EXERCISE OBJECTIVE: Return every line of the data exactly as it appears.

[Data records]
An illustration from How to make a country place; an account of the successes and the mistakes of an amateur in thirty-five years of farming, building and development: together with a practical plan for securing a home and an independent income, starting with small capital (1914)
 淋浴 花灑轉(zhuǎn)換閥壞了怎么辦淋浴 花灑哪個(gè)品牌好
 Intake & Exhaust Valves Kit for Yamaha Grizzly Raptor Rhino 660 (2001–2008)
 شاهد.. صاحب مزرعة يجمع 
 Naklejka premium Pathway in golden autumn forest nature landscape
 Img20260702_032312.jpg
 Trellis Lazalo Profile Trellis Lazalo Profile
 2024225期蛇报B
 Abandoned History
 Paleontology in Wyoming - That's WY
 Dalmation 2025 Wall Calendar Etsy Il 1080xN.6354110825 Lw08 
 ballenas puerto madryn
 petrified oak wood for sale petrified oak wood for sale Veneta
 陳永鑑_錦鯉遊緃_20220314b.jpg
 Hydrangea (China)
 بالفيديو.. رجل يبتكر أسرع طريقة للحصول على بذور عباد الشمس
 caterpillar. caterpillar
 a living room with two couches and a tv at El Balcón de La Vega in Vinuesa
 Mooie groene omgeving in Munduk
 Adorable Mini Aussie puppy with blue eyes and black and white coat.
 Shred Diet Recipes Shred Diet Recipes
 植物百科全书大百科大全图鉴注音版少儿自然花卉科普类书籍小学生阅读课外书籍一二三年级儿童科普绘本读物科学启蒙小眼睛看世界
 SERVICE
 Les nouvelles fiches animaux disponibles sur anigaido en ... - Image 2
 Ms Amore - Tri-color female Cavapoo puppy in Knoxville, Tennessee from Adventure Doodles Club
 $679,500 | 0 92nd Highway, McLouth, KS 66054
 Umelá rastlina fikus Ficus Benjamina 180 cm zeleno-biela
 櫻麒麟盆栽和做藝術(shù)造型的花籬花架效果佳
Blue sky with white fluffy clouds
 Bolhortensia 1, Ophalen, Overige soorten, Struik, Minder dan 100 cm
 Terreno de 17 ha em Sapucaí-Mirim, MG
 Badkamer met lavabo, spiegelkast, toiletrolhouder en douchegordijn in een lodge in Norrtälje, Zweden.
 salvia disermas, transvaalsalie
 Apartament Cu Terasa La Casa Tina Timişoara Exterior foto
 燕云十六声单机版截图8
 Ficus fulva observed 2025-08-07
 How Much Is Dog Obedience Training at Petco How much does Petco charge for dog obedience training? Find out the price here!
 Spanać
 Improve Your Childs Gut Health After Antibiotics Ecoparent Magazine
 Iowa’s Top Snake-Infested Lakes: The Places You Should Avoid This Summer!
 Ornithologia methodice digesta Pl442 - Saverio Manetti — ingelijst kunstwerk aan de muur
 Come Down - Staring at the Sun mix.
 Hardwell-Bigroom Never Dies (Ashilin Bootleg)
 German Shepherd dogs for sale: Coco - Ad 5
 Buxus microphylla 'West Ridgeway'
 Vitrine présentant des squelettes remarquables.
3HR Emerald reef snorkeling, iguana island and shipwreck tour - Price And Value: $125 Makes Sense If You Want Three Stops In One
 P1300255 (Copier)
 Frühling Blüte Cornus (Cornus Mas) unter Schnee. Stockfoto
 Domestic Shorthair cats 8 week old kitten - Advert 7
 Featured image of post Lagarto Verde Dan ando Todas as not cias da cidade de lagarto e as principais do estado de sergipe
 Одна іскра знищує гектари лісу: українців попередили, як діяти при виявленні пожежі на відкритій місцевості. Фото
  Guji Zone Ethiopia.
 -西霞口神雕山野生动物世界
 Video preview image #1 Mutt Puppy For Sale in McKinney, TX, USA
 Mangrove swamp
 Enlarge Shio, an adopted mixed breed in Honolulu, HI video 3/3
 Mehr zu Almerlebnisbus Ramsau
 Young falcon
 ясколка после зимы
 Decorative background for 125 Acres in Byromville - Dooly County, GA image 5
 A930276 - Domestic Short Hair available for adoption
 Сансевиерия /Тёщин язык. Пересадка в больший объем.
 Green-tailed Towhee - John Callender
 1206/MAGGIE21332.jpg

RESULT FOR THIS TASK:
An illustration from How to make a country place; an account of the successes and the mistakes of an amateur in thirty-five years of farming, building and development: together with a practical plan for securing a home and an independent income, starting with small capital (1914)
 淋浴 花灑轉(zhuǎn)換閥壞了怎么辦淋浴 花灑哪個(gè)品牌好
 Intake & Exhaust Valves Kit for Yamaha Grizzly Raptor Rhino 660 (2001–2008)
 شاهد.. صاحب مزرعة يجمع 
 Naklejka premium Pathway in golden autumn forest nature landscape
 Img20260702_032312.jpg
 Trellis Lazalo Profile Trellis Lazalo Profile
 2024225期蛇报B
 Abandoned History
 Paleontology in Wyoming - That's WY
 Dalmation 2025 Wall Calendar Etsy Il 1080xN.6354110825 Lw08 
 ballenas puerto madryn
 petrified oak wood for sale petrified oak wood for sale Veneta
 陳永鑑_錦鯉遊緃_20220314b.jpg
 Hydrangea (China)
 بالفيديو.. رجل يبتكر أسرع طريقة للحصول على بذور عباد الشمس
 caterpillar. caterpillar
 a living room with two couches and a tv at El Balcón de La Vega in Vinuesa
 Mooie groene omgeving in Munduk
 Adorable Mini Aussie puppy with blue eyes and black and white coat.
 Shred Diet Recipes Shred Diet Recipes
 植物百科全书大百科大全图鉴注音版少儿自然花卉科普类书籍小学生阅读课外书籍一二三年级儿童科普绘本读物科学启蒙小眼睛看世界
 SERVICE
 Les nouvelles fiches animaux disponibles sur anigaido en ... - Image 2
 Ms Amore - Tri-color female Cavapoo puppy in Knoxville, Tennessee from Adventure Doodles Club
 $679,500 | 0 92nd Highway, McLouth, KS 66054
 Umelá rastlina fikus Ficus Benjamina 180 cm zeleno-biela
 櫻麒麟盆栽和做藝術(shù)造型的花籬花架效果佳
Blue sky with white fluffy clouds
 Bolhortensia 1, Ophalen, Overige soorten, Struik, Minder dan 100 cm
 Terreno de 17 ha em Sapucaí-Mirim, MG
 Badkamer met lavabo, spiegelkast, toiletrolhouder en douchegordijn in een lodge in Norrtälje, Zweden.
 salvia disermas, transvaalsalie
 Apartament Cu Terasa La Casa Tina Timişoara Exterior foto
 燕云十六声单机版截图8
 Ficus fulva observed 2025-08-07
 How Much Is Dog Obedience Training at Petco How much does Petco charge for dog obedience training? Find out the price here!
 Spanać
 Improve Your Childs Gut Health After Antibiotics Ecoparent Magazine
 Iowa’s Top Snake-Infested Lakes: The Places You Should Avoid This Summer!
 Ornithologia methodice digesta Pl442 - Saverio Manetti — ingelijst kunstwerk aan de muur
 Come Down - Staring at the Sun mix.
 Hardwell-Bigroom Never Dies (Ashilin Bootleg)
 German Shepherd dogs for sale: Coco - Ad 5
 Buxus microphylla 'West Ridgeway'
 Vitrine présentant des squelettes remarquables.
3HR Emerald reef snorkeling, iguana island and shipwreck tour - Price And Value: $125 Makes Sense If You Want Three Stops In One
 P1300255 (Copier)
 Frühling Blüte Cornus (Cornus Mas) unter Schnee. Stockfoto
 Domestic Shorthair cats 8 week old kitten - Advert 7
 Featured image of post Lagarto Verde Dan ando Todas as not cias da cidade de lagarto e as principais do estado de sergipe
 Одна іскра знищує гектари лісу: українців попередили, як діяти при виявленні пожежі на відкритій місцевості. Фото
  Guji Zone Ethiopia.
 -西霞口神雕山野生动物世界
 Video preview image #1 Mutt Puppy For Sale in McKinney, TX, USA
 Mangrove swamp
 Enlarge Shio, an adopted mixed breed in Honolulu, HI video 3/3
 Mehr zu Almerlebnisbus Ramsau
 Young falcon
 ясколка после зимы
 Decorative background for 125 Acres in Byromville - Dooly County, GA image 5
 A930276 - Domestic Short Hair available for adoption
 Сансевиерия /Тёщин язык. Пересадка в больший объем.
 Green-tailed Towhee - John Callender
 1206/MAGGIE21332.jpg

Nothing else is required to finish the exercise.